Karen Dale, RN, MSN: [In our report w]e’ve included some process measures around social care — so, are you referring those patients who are facing food insecurity, who need certain items such as diapers, etc.? — so we have those other measures to capture whether this practice is focused on the social care component more holistically.

Health inequities affect all of us differently. Visit our dedicated hub for an in-depth look at social disparities in health and what we can do to correct them.

If we share the data with that practice […], if we share our analysis to say, “based on race, ethnicity, language, and other factors, here’s a report for you where you have clear disparities,” if we’re doing that on an aggregate level over our membership […] — just in the same way that we’re sending them report cards about how they’re doing on their value-based measures, […] — then we’re giving them information that they didn’t necessarily have before.

And if we provide them with tailored technical assistance, then [the practices] are now getting the support they need, the coaching, and the ability to see how they’re doing with creating change.

[I]f we reduce some of the administrative burden, [practices] have more time to look at data and [continue to improve] in terms of their outcomes.

Prof. Blumenthal: What are some of the things that we could do to strengthen primary care and get them to participate in the vaccination of their panel?

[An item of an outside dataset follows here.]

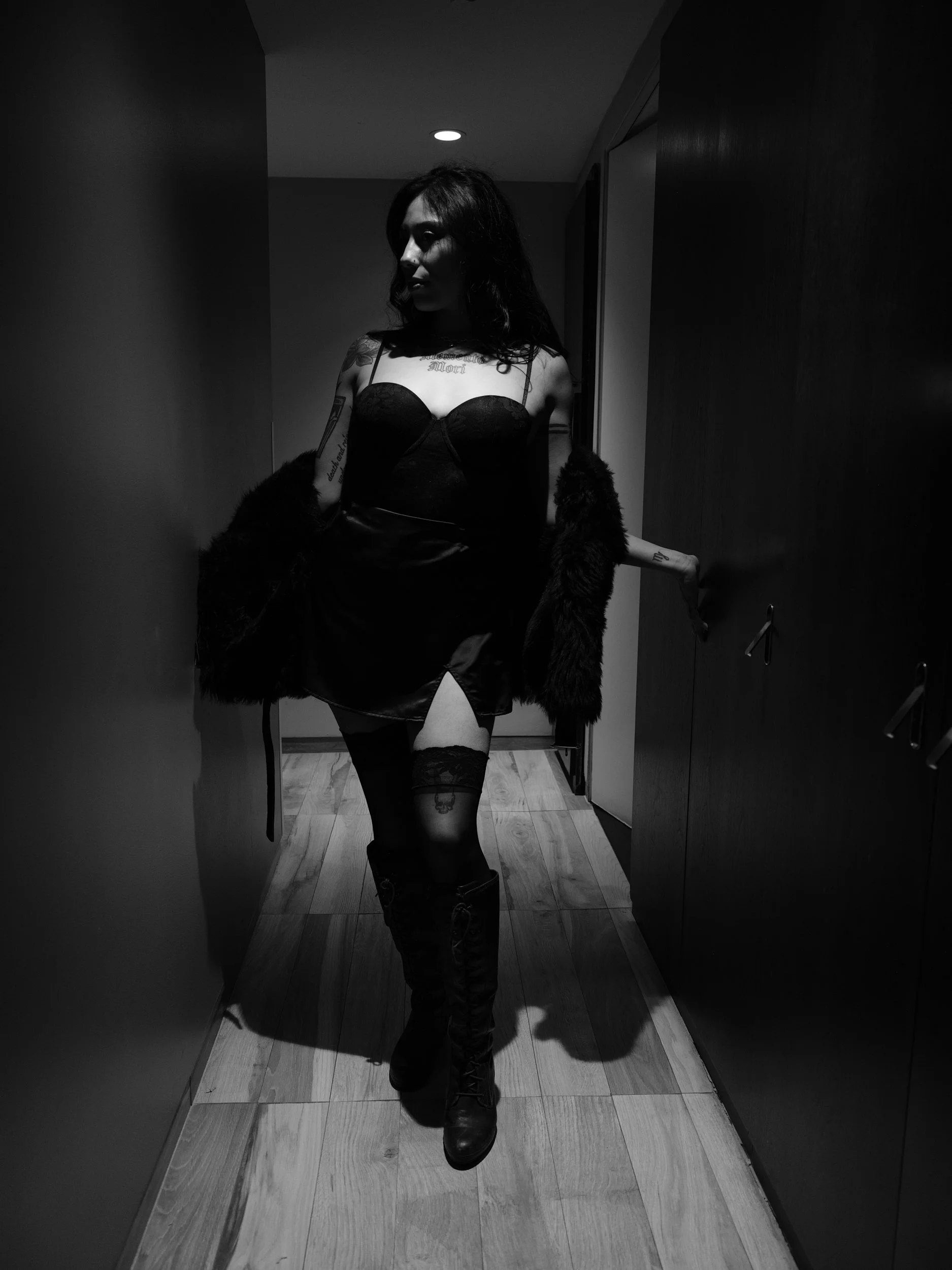 A woman in black lingerie, thigh-high stockings, and boots, standing in a dimly lit hallway and holding a fur coat.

Dr. Julian Harris, MD, MBA: [W]e have an opportunity to broaden the pipeline, particularly as we think about expanding representation from communities of color among the ranks of physicians, [and] across all of the subsectors or subspecialties within medicine.

I think primary care is particularly challenging because of the way that we’ve structured reimbursement. [W]e can significantly increase what we reimburse or how we compensate primary care providers if they’re doing all the right things to both improve quality for the patients that they serve and help them manage the health of populations.

If we think about the delta between reimbursement for primary care versus specialty care, it really is a deterrent for students who have significant student loan debt, who have to make trade-off decisions, and who, in many cases, may be the first person in their family to go to college, not to mention to pursue a graduate degree.

Some of the things we need to do to make primary care more broadly attractive will also help actually diversify those who end up selecting primary care as their chosen profession, because we’re closing that gap between primary and specialty care.

This enables folks to make different kinds of trade-off decisions as they think about how to close what is an economic and wealth gap in the country as well, between communities of color and others.